Tuesday, April 29, 2008

Table Topper #2

I snagged these roses from a family wedding, which was laden with at least 1,000 flowers in my favorite color. They look beautiful on this table topper, the second take from Charlene C. Frable's Quilt as Desired (Krause Publications, 2007). The fabrics appear in reverse order from the first table topper (see previous blog post.) Five fat quarters make enough wedges for both toppers. Before free-motion quilting this one, I looked at the Swirls and Curls shown on p. 124 of the book. I doodled the design in my notebook and discovered my interpretation of the drawn design appeared a bit different. That's OK, and in fact, necessary if you are going to make the design your own and be able to quilt it free-form with no marking. My style could be dubbed Hooks and Spirals which look like large comma marks. Work through the process of drawing it out and you recognize a design that has your personal style attached to it, much like your handwriting. Then get to quilting it while the line drawings are fresh in your mind.

Quilting tip: Sandwich a scrap piece of your top fabric with the batting and backing to try out thread choices; work on adjusting even tension with the top and bottom thread. I used Madeira Cotona 30 wt. variegated cotton thread in the top and Mettler 50 wt. cotton in the bobbin, paired with a size 90 topstitch needle. Polyester batting doesn't shrink; it's a good choice for this project. I used DreamPoly brand batting. Other brands are lofty and slippery to machine quilt, but DreamPoly lies flat and cooperates.

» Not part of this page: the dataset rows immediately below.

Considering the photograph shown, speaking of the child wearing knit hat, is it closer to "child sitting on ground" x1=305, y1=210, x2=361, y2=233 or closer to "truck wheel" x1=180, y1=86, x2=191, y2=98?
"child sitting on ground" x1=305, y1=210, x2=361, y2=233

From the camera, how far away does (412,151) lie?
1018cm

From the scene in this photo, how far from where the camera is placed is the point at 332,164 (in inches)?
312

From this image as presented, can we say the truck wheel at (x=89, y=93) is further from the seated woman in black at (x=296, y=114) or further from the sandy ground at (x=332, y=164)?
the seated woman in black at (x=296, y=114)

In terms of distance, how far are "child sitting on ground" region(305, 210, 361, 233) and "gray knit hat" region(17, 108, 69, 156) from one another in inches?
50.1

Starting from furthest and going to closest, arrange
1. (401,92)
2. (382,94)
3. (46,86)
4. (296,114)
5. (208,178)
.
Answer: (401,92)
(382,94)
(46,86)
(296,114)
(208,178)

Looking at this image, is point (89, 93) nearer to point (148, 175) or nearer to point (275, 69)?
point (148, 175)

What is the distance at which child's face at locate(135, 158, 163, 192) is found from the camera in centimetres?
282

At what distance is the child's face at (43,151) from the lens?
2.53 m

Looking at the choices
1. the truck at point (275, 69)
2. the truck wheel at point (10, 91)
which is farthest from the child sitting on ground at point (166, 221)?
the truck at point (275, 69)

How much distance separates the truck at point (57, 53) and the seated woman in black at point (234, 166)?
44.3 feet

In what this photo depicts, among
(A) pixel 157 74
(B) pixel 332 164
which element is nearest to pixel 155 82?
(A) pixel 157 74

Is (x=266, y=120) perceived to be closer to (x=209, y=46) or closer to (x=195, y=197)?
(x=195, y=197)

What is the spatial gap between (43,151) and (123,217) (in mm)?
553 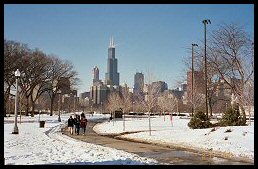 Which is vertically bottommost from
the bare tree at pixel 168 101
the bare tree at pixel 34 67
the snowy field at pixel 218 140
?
the snowy field at pixel 218 140

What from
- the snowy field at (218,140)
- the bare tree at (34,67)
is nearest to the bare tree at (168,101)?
the bare tree at (34,67)

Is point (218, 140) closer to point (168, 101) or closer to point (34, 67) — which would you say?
point (34, 67)

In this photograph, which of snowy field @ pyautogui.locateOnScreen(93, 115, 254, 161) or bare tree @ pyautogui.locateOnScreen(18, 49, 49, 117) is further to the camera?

Here's a close-up of the center. I quilted about half of the topper along the outside rings, giving it stability, before quilting into the center. I like the long hook quilted here. This is where your artistic interpretation and instincts take over, allowing you to decide what to quilt in the style you are following.

The purple backing really shows off the design. If your skills are just developing and you feel a bit shaky, use a busy print backing to ease your critical eye. Keep quilting and your stitching will continue to improve to the point where you want to show off your quilting ability.

Binding note: I used a 2-inch bias cut double-fold binding. With topper #1, I noticed a bit of curling on the edges when the binding was complete so this time I clipped 1/8" toward the sewing line every 1-2". Avoid clipping too close to the stitching. Because some areas of the seamline were not sewn a consistent 1/4", I ended up double stitching the binding's raw edges to the topper, creating reinforcement. I flipped the binding to the back and hand sewed it in place with a blind stitch.